Just as Mother Nature controls the time of the year in which the beautiful little wildflowers push through the thick leaf carpet in the mountains to bloom, so does she dictate the time which the natural insects hatch in the streams. Since I am fond of photographing both of these I have kept stream notes on them for forty years.
Interestingly enough this has helped me in my fishing because usually a specific fly hatch will coincide with the blooming of a specific wildflower. The beautiful little blood root which is the first wildflower to bloom in many mountains tells me it is time for the first aquatic insect hatch. The trillium follows this and usually brings the next two aquatic insect hatches. Different wildflowers follow throughout the season with their accompanying hatches.
The specific insects that hatch at these times vary from one geographical part of the country to the next. However, it repeats each year in a predictable pattern. Keep stream notes and you will be richly rewarded.
The sulphur mayflies are coming off well now and the trout are feeding on both the nymphs and the adult (dun and spinner).

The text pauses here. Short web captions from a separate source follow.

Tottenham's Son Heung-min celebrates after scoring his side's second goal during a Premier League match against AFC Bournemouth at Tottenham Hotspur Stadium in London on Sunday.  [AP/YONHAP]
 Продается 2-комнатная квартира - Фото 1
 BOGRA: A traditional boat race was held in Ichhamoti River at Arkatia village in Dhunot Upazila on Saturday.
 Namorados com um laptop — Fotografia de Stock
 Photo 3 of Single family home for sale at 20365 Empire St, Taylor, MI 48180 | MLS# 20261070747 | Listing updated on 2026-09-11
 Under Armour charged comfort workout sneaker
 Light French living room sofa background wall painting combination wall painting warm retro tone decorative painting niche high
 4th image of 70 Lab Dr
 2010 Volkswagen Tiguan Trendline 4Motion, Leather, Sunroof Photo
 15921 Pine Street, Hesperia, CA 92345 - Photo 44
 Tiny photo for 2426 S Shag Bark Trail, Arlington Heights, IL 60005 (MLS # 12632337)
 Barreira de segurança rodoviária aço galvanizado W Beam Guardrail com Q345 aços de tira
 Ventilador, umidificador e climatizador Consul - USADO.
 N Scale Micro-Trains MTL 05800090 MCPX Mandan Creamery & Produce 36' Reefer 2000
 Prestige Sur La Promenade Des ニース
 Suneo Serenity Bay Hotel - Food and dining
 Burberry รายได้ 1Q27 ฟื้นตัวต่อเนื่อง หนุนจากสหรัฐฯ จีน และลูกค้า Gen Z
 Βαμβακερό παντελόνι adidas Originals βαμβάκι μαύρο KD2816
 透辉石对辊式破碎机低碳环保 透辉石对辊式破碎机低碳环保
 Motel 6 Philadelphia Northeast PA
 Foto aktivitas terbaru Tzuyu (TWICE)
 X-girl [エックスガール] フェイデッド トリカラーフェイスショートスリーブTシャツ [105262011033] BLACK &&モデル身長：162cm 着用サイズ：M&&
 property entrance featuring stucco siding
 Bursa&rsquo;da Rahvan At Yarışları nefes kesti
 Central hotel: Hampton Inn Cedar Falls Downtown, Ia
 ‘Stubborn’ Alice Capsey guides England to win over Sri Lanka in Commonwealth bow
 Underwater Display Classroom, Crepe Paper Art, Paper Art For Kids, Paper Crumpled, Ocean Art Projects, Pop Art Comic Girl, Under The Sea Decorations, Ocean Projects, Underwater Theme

A very special friend the late John Snyder, one of the finest brown trout fly fishermen on the east coast, was so successful with the nymphs on this hatch that he would often continue fishing them a hour into the hatch, long after the rest of us had switched to the duns.
If you want to play John’s game use a Murray’s Professor Nymph 14 and fish it upstream dead drift in the deep runs and below the riffles and even dress it with a cream floatant and fish to rising brown trout. This latter ploy is very effective on heavily fished streams.
I actually enjoy flyfishing drys best on the Sulphur hatch and use both Ed Shenk’s Sulphur 16 & 18 and the Murray’s Sulphur Dry 16 & 18 and fish all of these on 6X.
I always watch for feeding trout and go one on one with these fish. However, if I don’t see risers I use the dry flies to cover the water. Remember, the streams are getting lower and the brown trout are wary so use a cautious approach.
My final tip on the sulphur hatch is to stay on the stream until dark in order to cash in on both the duns and spinners.
There is a good hatch of aquatic insects on the stream and the trout are feeding well upon them. You catch several of these insects and by carefully selecting a dry fly from your box you are confident you have a good match for it. However, fishing this fly to rising trout for half and hour does not bring a single strike. On each of your presentation casts you can clearly distinguish your fly from the naturals around it. Then it dawns on you…if it does not look exactly like the naturals to you, it probably does not look like a natural to the trout. Most likely your fly is too large or the wrong color…Try again.